Only one stretch of the data should be retyped: the lines from the line containing "ITSkins Hybrid_R Frost" through the line containing "22 Leisure Woods". Keep pictures out of it.
(Data to examine Opens)
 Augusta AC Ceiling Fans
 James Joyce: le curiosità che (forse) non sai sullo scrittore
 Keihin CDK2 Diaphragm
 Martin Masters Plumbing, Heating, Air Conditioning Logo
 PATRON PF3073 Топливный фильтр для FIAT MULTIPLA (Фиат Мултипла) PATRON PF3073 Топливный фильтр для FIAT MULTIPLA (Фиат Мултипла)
(Data to examine Closes)
(Data to examine Opens)
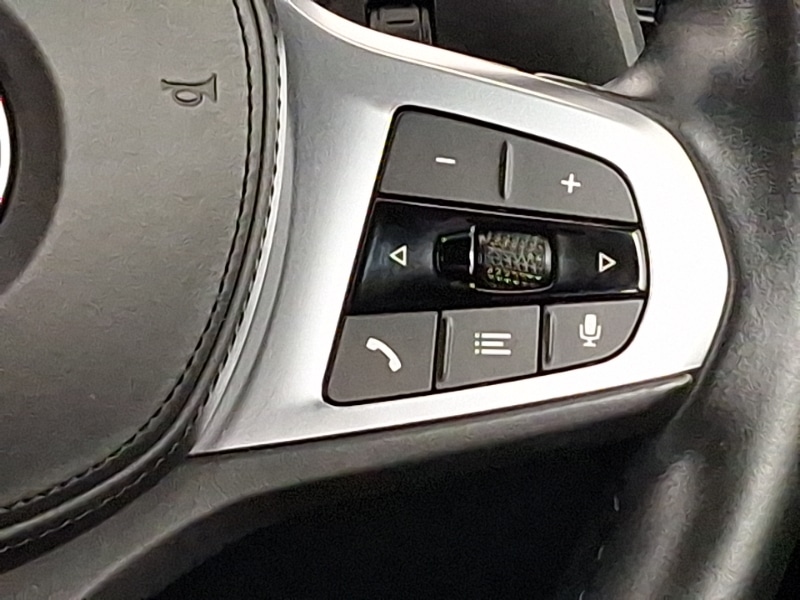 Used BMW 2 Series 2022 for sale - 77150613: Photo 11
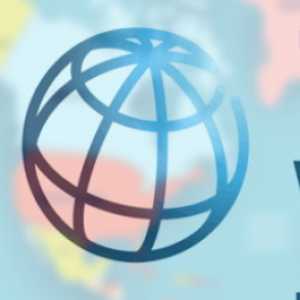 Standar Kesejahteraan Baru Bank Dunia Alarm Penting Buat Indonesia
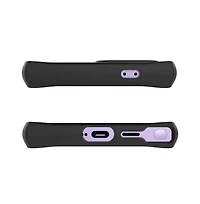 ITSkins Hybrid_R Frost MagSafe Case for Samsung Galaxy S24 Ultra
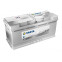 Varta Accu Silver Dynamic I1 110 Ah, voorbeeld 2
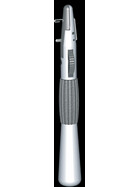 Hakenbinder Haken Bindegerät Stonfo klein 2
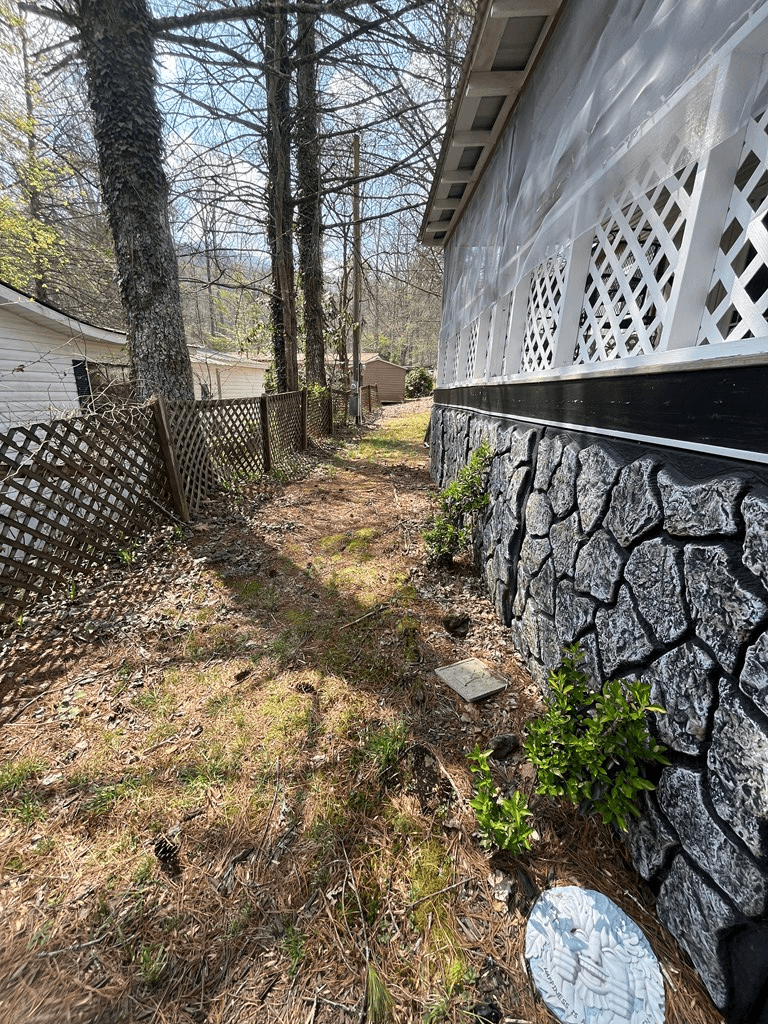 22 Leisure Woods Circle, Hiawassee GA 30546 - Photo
(Data to examine Closes)
**Task response**
 ITSkins Hybrid_R Frost MagSafe Case for Samsung Galaxy S24 Ultra
 Varta Accu Silver Dynamic I1 110 Ah, voorbeeld 2
 Hakenbinder Haken Bindegerät Stonfo klein 2
 22 Leisure Woods Circle, Hiawassee GA 30546 - Photo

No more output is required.